- **WHAT YOU WILL DO**:
Your job is to give again, exactly and with no additions, the lines in the records below from the one with "Training paintball pbp(Paintball" through the one with "LüFTER MOTORKüHLUNG", both included. Omit the pictures.

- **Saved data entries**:
☆ ☆ ☆
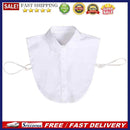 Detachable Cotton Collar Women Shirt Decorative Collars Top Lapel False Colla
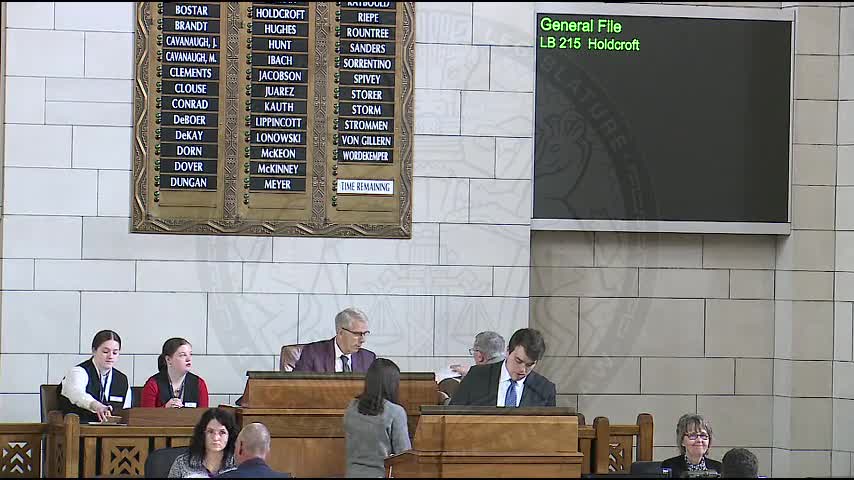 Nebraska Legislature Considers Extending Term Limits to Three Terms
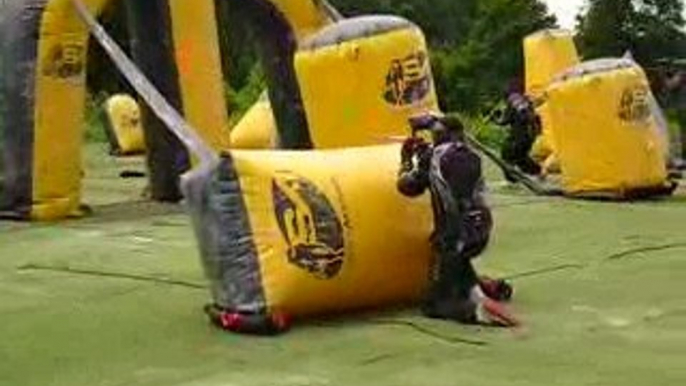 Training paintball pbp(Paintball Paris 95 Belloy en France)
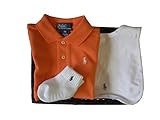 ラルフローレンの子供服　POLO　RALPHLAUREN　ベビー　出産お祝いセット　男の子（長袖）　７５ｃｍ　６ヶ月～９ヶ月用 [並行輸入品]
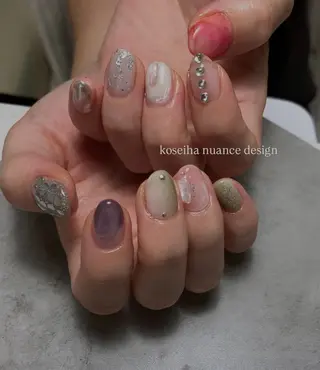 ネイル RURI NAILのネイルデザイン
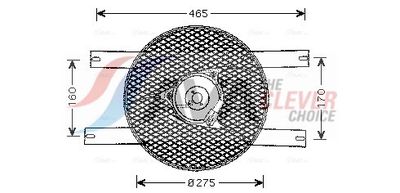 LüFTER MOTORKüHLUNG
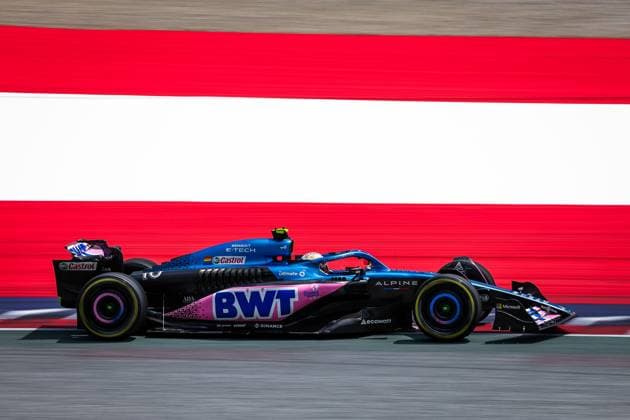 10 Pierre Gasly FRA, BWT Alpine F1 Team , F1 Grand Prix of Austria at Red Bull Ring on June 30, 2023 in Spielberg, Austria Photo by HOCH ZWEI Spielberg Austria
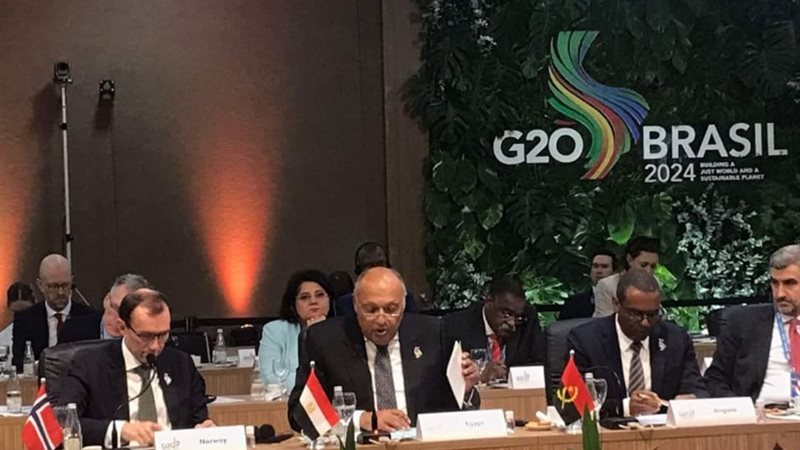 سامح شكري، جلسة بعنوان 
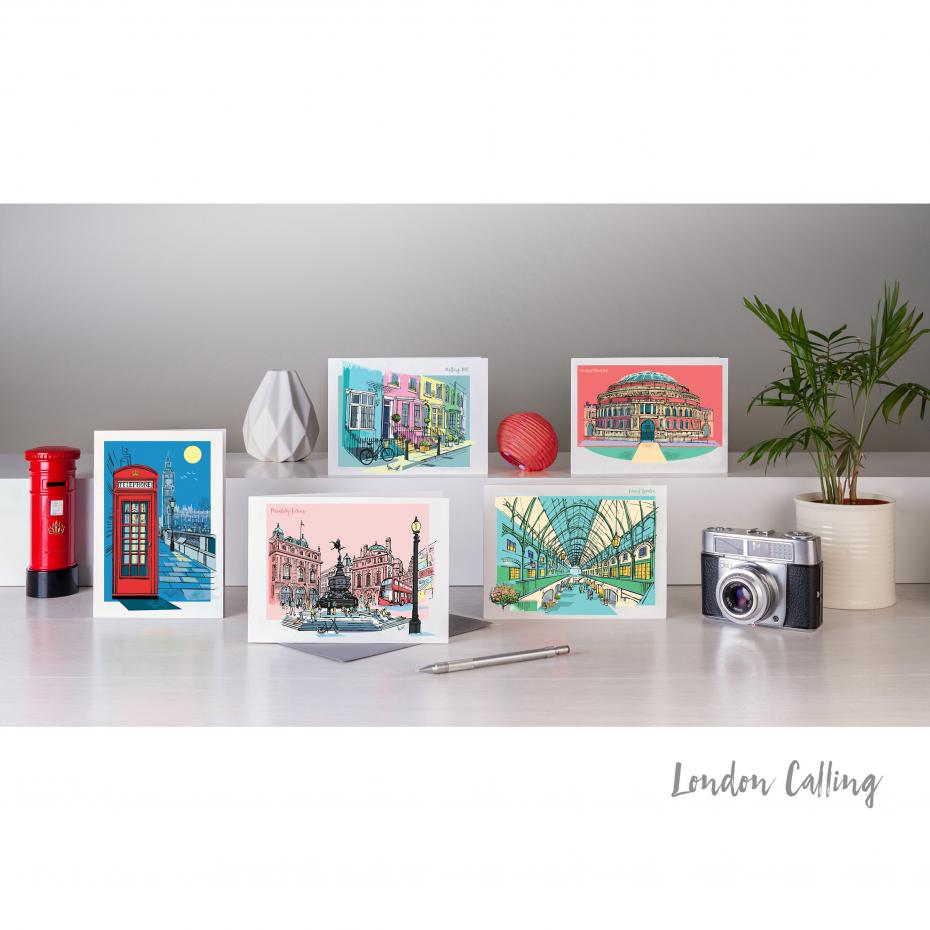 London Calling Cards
☆ ☆ ☆
- **SOLVED EXERCISE**:
 Training paintball pbp(Paintball Paris 95 Belloy en France)
 ラルフローレンの子供服　POLO　RALPHLAUREN　ベビー　出産お祝いセット　男の子（長袖）　７５ｃｍ　６ヶ月～９ヶ月用 [並行輸入品]
 ネイル RURI NAILのネイルデザイン
 LüFTER MOTORKüHLUNG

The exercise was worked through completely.